TASK DETAILS:
Filter out all lines without the word "grocery" from the data below, please, and copy the rest.

MATERIAL PROVIDED:
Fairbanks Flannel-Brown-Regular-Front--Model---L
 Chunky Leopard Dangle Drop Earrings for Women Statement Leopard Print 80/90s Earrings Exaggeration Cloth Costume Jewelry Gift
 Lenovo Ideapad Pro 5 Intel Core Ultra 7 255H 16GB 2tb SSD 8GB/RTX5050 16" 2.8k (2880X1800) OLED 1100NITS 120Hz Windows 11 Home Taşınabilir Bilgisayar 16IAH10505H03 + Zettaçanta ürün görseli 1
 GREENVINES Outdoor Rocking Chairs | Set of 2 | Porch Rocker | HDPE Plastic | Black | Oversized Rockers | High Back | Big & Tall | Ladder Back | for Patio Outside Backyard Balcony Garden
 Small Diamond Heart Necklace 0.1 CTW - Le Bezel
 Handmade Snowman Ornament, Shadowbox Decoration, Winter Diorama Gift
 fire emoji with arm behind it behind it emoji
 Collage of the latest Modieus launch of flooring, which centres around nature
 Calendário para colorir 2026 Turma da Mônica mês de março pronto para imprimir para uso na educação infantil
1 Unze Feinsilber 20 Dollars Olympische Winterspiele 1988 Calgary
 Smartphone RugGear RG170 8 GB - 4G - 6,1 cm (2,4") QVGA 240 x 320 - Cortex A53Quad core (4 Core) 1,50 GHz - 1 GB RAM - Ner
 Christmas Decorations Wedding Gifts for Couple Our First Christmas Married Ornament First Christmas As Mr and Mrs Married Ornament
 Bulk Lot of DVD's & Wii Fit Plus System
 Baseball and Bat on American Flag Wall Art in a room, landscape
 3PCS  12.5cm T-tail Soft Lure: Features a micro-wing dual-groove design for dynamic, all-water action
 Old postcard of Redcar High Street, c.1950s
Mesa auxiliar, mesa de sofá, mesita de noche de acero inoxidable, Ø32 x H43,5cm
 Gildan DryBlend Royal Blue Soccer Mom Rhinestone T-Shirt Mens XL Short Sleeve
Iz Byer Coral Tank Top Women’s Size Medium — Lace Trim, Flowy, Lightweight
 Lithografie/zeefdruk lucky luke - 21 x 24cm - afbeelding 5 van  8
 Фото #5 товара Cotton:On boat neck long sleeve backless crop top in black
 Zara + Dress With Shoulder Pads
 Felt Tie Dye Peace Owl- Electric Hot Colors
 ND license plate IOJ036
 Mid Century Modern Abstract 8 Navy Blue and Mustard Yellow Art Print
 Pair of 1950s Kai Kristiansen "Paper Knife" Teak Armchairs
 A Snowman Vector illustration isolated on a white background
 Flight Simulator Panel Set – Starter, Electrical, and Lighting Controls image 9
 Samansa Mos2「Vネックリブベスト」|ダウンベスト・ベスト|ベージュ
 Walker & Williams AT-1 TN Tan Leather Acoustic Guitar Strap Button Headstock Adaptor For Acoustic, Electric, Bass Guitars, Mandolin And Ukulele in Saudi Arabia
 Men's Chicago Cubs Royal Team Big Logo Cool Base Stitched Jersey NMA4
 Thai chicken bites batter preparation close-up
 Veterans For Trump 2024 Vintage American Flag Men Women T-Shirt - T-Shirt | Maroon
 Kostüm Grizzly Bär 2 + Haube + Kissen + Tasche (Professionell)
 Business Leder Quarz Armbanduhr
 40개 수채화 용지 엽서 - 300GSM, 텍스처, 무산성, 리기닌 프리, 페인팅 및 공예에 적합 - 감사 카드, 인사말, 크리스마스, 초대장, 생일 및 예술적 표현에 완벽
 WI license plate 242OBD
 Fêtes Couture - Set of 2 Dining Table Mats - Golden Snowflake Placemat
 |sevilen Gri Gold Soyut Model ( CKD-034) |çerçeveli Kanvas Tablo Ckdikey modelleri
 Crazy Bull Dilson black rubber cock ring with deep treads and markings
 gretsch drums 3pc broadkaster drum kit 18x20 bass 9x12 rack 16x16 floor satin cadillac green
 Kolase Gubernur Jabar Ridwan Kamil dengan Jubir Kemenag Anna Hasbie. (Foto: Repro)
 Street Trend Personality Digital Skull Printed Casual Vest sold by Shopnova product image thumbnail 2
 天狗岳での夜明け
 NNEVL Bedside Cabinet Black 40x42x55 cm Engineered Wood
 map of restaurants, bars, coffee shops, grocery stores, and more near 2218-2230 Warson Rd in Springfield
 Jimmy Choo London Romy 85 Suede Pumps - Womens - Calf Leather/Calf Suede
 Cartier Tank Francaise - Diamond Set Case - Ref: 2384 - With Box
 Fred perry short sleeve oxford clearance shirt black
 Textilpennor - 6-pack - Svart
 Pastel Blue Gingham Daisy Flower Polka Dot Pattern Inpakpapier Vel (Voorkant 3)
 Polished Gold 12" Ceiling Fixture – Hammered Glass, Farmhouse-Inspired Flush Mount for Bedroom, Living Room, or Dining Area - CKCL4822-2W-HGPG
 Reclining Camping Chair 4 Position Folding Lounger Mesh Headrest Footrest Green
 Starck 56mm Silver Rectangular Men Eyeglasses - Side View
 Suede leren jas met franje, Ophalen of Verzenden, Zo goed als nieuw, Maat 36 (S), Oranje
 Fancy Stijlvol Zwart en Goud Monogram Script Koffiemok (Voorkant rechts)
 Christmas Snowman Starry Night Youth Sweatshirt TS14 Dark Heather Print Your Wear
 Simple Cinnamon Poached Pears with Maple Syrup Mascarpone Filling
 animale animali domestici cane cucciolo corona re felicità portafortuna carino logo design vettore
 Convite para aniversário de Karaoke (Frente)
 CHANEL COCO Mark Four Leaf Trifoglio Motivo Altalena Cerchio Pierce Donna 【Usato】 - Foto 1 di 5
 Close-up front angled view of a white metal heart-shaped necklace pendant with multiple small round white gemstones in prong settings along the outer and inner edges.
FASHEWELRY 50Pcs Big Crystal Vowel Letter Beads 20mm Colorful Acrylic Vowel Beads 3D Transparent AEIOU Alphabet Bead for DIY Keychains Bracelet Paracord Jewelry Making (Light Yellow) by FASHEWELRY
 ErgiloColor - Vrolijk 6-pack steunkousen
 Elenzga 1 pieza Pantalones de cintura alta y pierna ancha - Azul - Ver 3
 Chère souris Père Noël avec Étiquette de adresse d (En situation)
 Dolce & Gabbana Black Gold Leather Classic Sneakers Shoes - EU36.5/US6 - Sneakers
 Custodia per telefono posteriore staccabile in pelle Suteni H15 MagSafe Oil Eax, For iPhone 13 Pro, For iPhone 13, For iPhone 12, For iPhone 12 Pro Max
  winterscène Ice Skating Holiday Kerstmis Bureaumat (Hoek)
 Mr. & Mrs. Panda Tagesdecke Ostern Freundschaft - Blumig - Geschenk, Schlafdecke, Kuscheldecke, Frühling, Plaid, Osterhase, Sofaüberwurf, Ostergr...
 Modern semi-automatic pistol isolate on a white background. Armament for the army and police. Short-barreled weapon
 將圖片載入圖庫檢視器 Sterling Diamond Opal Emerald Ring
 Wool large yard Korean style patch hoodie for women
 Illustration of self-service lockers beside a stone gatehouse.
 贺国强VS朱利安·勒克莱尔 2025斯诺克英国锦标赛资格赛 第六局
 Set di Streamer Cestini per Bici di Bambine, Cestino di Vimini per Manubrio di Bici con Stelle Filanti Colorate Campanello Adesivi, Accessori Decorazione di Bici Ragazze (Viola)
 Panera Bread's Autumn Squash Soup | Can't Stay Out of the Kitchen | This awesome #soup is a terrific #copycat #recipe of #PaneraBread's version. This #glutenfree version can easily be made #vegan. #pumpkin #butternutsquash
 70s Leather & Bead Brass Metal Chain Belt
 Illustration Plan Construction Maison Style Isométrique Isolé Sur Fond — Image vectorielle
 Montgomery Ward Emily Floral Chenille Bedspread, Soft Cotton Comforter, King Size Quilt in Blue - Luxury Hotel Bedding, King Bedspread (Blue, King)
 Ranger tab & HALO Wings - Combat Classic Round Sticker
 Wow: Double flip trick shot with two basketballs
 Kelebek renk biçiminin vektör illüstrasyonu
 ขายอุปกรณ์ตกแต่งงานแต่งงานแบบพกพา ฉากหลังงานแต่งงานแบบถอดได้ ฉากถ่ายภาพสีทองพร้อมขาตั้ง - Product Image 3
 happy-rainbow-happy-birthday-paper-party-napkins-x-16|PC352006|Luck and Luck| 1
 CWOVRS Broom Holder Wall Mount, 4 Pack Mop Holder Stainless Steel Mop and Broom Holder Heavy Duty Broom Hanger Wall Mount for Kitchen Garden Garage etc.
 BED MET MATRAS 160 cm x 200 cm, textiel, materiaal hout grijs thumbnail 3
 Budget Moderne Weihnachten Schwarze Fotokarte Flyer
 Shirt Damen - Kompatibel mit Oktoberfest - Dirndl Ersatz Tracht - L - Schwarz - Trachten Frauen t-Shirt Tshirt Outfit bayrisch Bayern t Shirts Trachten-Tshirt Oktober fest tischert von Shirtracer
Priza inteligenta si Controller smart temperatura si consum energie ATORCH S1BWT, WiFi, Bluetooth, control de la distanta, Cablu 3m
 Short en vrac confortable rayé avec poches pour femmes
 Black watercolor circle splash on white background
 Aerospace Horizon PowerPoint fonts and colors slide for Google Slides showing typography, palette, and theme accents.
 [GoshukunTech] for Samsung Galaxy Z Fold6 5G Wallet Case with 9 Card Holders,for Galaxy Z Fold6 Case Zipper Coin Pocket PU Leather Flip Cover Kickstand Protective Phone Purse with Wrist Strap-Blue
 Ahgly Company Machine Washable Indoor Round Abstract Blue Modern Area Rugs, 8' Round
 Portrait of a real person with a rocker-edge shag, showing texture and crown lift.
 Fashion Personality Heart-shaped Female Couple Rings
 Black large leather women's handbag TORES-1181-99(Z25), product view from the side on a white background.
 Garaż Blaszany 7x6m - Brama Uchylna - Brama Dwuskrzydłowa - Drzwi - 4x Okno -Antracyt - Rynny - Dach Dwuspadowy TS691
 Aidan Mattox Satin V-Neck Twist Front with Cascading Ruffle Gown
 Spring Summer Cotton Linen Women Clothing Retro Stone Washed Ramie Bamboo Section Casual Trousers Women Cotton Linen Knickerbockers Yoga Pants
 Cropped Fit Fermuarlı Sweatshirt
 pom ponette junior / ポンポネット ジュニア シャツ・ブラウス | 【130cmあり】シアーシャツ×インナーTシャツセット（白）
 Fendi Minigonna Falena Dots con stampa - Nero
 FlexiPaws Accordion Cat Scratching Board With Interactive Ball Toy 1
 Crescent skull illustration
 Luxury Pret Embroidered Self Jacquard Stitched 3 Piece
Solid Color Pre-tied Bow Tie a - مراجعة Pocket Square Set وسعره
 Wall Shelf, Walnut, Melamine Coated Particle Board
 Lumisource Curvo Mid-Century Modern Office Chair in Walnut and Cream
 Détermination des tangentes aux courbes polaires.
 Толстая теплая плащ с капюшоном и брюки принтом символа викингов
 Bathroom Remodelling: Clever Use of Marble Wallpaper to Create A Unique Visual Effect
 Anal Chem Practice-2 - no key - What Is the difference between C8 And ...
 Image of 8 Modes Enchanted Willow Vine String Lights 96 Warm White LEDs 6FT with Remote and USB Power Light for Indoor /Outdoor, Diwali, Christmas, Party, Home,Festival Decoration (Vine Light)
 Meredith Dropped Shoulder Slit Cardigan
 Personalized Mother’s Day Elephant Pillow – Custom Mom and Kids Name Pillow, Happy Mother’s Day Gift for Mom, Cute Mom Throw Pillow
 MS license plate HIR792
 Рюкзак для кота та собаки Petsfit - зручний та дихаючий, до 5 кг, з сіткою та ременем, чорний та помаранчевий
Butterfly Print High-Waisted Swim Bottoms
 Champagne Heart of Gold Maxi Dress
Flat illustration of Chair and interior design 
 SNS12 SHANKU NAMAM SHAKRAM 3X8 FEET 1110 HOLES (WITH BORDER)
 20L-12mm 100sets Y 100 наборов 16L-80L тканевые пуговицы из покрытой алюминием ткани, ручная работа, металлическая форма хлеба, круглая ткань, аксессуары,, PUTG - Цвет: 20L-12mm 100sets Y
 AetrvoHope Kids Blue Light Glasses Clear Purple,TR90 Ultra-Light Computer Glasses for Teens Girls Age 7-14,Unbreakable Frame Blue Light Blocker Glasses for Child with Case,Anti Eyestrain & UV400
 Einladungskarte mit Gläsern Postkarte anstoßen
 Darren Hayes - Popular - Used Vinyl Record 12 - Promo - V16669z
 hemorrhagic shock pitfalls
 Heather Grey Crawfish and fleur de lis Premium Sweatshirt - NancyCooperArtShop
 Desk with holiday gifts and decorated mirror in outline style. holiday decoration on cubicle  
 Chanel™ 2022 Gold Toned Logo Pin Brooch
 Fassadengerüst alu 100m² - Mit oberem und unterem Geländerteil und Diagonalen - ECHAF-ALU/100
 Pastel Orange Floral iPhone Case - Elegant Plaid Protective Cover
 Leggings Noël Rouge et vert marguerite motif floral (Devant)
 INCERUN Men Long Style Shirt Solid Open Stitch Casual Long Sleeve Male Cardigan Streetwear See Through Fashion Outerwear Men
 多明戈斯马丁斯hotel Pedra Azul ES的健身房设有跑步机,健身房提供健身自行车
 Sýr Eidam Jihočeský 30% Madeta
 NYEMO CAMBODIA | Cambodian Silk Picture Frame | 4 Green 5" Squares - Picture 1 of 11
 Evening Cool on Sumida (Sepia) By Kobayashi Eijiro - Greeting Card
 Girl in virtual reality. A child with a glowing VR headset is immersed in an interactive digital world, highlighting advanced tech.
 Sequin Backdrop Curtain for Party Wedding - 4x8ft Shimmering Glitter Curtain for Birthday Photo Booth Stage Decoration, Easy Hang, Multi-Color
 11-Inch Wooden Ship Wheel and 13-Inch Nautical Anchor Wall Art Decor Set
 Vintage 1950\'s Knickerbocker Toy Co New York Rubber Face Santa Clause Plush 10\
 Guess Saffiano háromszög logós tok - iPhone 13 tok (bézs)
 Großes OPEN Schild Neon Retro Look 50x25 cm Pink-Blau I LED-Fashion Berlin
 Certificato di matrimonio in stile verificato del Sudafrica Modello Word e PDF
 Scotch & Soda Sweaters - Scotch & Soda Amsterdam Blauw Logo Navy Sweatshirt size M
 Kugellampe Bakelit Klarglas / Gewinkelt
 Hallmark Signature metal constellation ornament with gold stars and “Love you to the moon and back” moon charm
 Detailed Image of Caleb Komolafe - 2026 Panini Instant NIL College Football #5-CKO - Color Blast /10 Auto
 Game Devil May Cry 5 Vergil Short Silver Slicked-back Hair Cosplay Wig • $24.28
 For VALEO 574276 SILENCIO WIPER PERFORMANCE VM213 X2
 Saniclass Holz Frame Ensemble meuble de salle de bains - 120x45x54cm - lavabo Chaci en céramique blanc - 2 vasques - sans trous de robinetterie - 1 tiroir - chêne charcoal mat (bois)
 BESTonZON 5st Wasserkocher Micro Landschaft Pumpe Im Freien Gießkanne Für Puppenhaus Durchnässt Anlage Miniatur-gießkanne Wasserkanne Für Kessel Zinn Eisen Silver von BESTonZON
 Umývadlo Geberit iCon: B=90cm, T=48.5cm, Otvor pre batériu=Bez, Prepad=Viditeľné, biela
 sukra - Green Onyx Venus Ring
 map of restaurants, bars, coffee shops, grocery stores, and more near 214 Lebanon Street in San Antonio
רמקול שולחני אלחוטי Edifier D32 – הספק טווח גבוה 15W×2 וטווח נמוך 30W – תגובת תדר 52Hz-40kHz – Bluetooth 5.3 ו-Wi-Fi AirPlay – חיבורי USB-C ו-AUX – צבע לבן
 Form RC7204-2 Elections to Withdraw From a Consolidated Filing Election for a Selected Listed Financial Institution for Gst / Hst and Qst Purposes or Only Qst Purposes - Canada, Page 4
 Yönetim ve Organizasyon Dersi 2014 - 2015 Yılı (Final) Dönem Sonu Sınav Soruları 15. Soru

SOLVED EXERCISE:
 map of restaurants, bars, coffee shops, grocery stores, and more near 2218-2230 Warson Rd in Springfield
 map of restaurants, bars, coffee shops, grocery stores, and more near 214 Lebanon Street in San Antonio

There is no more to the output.